In the end, it didn’t matter to Farrell who got into golf . . . all that mattered to him was that they did.
There was no greater honor to him than being a golf professional
Throughout his career, Farrell always referred to himself as a club pro. He was never a touring professional or a player . . . he wanted to be known as a club pro, or as they’re known now, PGA of America Golf Professionals.
What started at Siwanoy and Quaker Ridge became nearly half a century as Head Professional at Baltusrol, where he is still beloved to this day. The Farrell Room resides in the clubhouse, with plenty of Farrell memorabilia hanging from the walls.

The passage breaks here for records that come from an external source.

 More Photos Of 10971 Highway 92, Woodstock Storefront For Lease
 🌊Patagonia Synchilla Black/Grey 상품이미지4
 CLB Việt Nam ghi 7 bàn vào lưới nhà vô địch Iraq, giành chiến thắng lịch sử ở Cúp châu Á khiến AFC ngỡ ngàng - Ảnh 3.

When Baltusrol had a clubhouse fire, the Farrell keepsakes were of high priority. No one meant more to the club than Johnny.
Farrell using a stimpmeter at Baltusrol.
Farrell using a stimpmeter at Baltusrol.
During his latter Baltusrol years, Farrell started wintering in Florida. He became the first Head Professional at a new course in Boynton Beach called the Country Club of Florida, and Farrell would serve there for 26 years until 1979, living at the club until his death in 1988.

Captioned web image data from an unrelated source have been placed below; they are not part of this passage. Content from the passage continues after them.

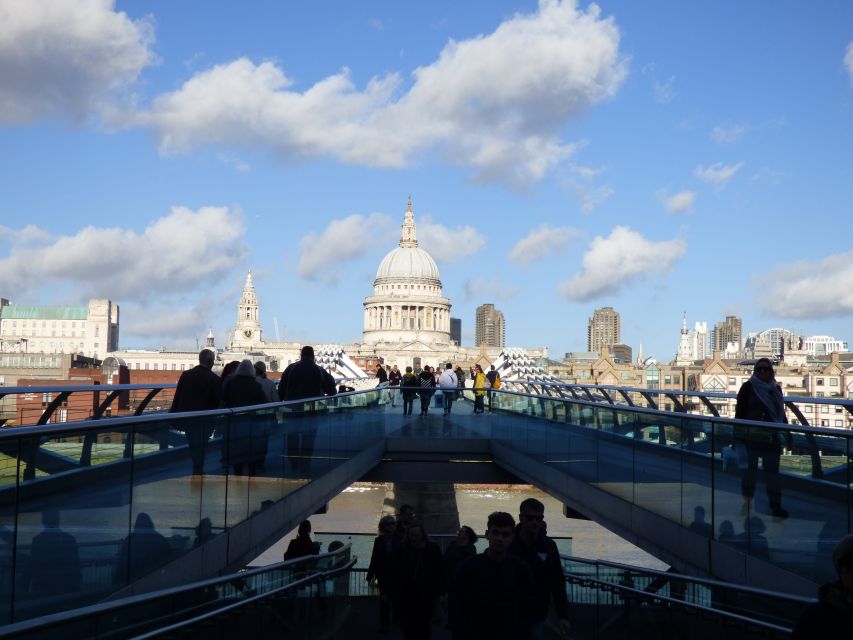 Guided Tour of Tate Modern - Exploring Tate Moderns Captivating History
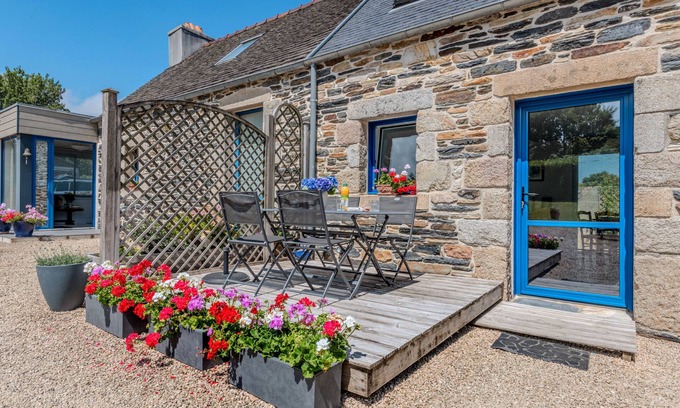 Taule House | Holiday Home 'Petite Maison' with Private Terrace and Shared Garden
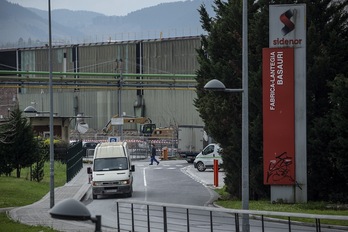 Acceso a la factoría de Sidenor en Basauri. (Aritz LOIOLA/FOKU)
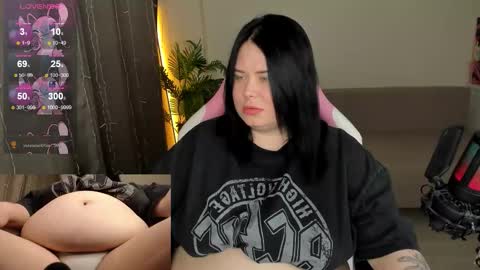 LinaBoo online show from 12-03-25, 05:48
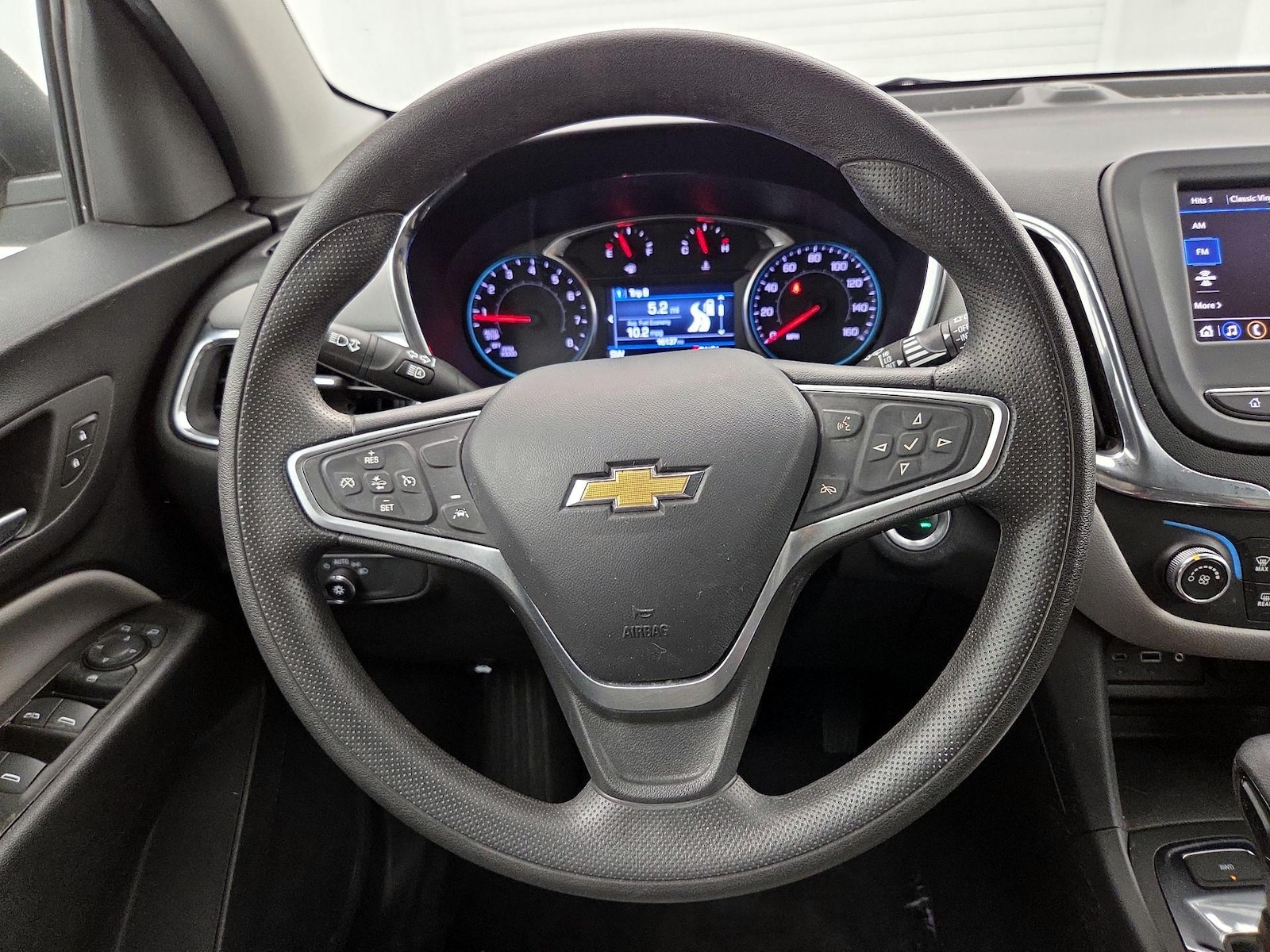 2023 Chevrolet Equinox LS - Photo 11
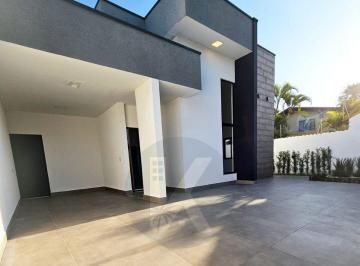 Casa de 3 quartos, Itanhaém · Casa a venda Alto Padrão Bairro Tupy com 3 quartos e piscina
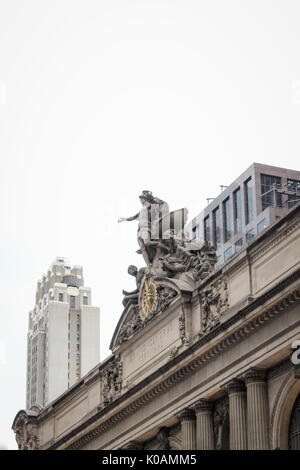 New York, USA - 26. September 2016: Schließen Sie herauf Bild der Herrlichkeit des Handels, eine Figurengruppe von Jules-Felix Coutan mit Herkules, Minerva und Stockfoto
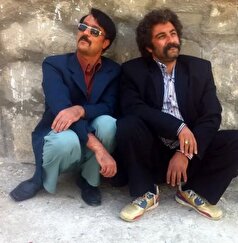 محسن تنابنده و احمد مهرانفر با تیپ دهه شصتی و سبیل‌های چخماقی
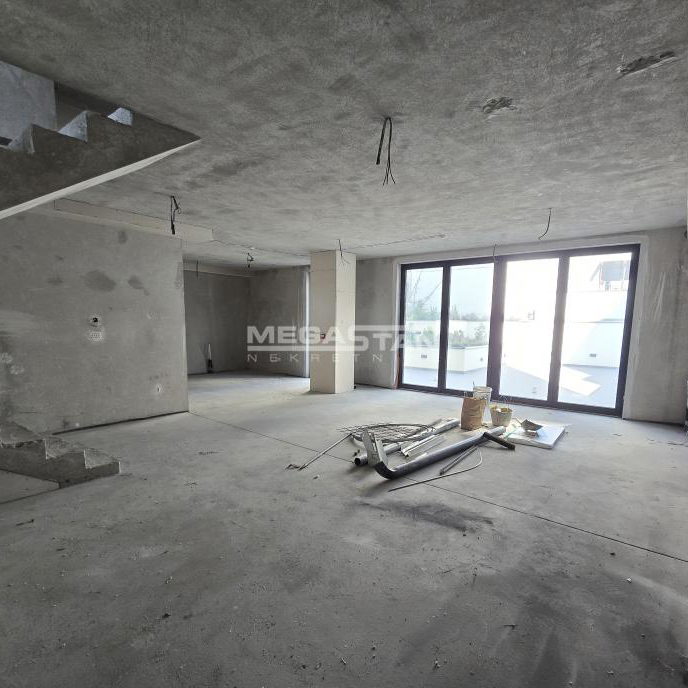 Lokal za izdavanje, Šumice, Beograd, 245m², 3.500 €/mes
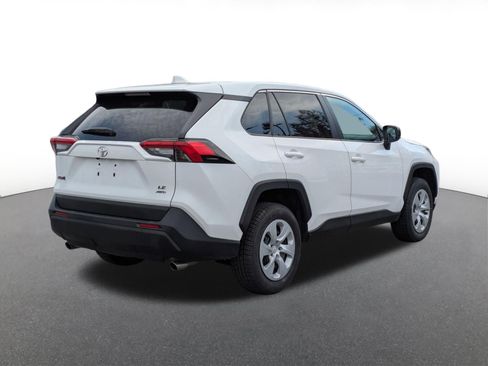 Certified 2023 Toyota RAV4 LE AWD/4WD image 3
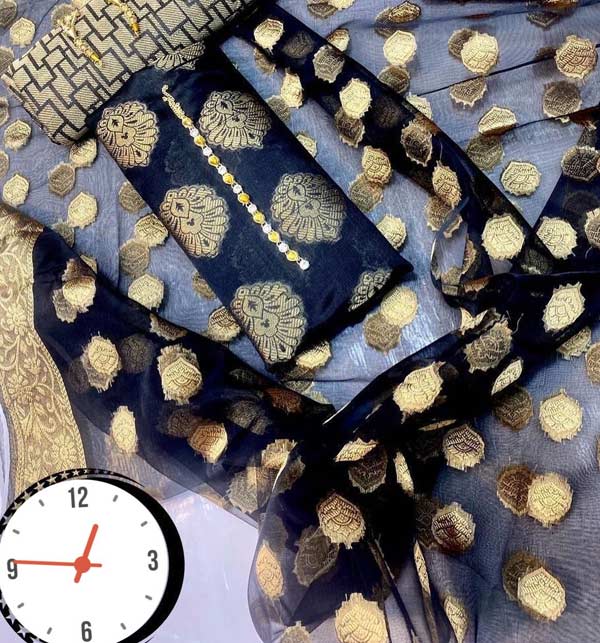 Jacquard Cotton Banarsi Style 3 Pec Suit with Cotton Jacquard Dupatta (Unsicthed) (DRL-966)	 Gallery Image 1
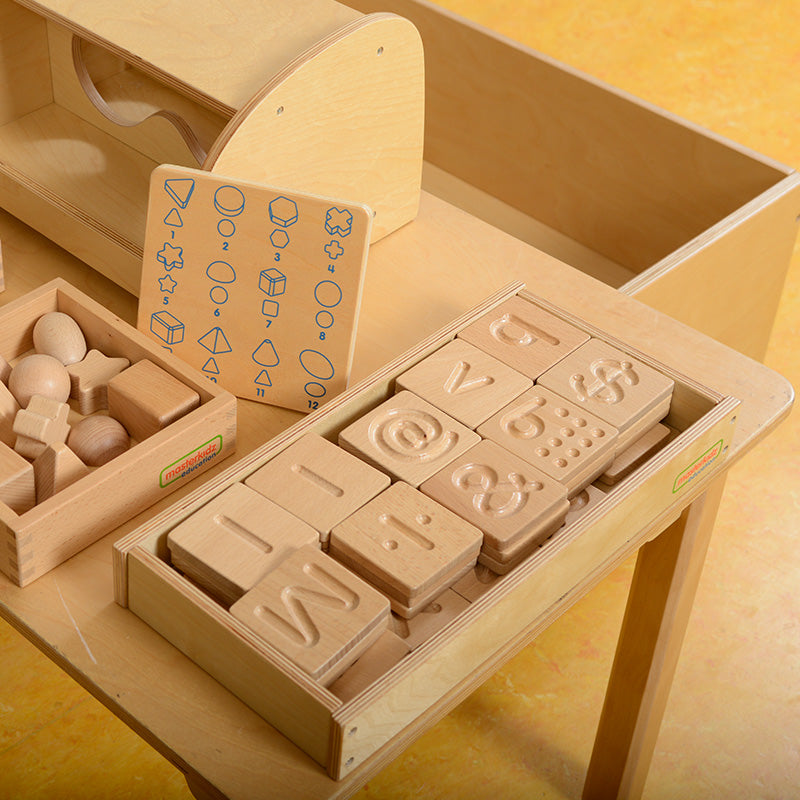 Hands-on shape recognition and literacy activity for preschool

Back to Baltusrol for a moment, though — it’s interesting how things came full circle for Farrell. Long Jim Barnes, the winner of the first-ever PGA Championship, was a mentor of Farrell’s alongside Travers. A young Johnny met Barnes at the 1916 PGA when he was just a kid and he stuck with Barnes. The two ultimately became close friends and Farrell hired Barnes to be a professional at Baltusrol.
This short anecdote, and there are plenty more, explain who Farrell was at his core. He never forgot where he came from back in Westchester, who helped him and how a career blossomed because of his talents were supported so generously. In return, he was incredibly self-aware and generous to those around him, even if he didn’t say out loud.

In the end, it didn’t matter to Farrell who got into golf . . . all that mattered to him was that they did.

It was all buoyed by his love for the game. A passion that was 1-of-1. There will never be a Johnny Farrell in golf again . . . but because of Johnny Farrell golf was never the same.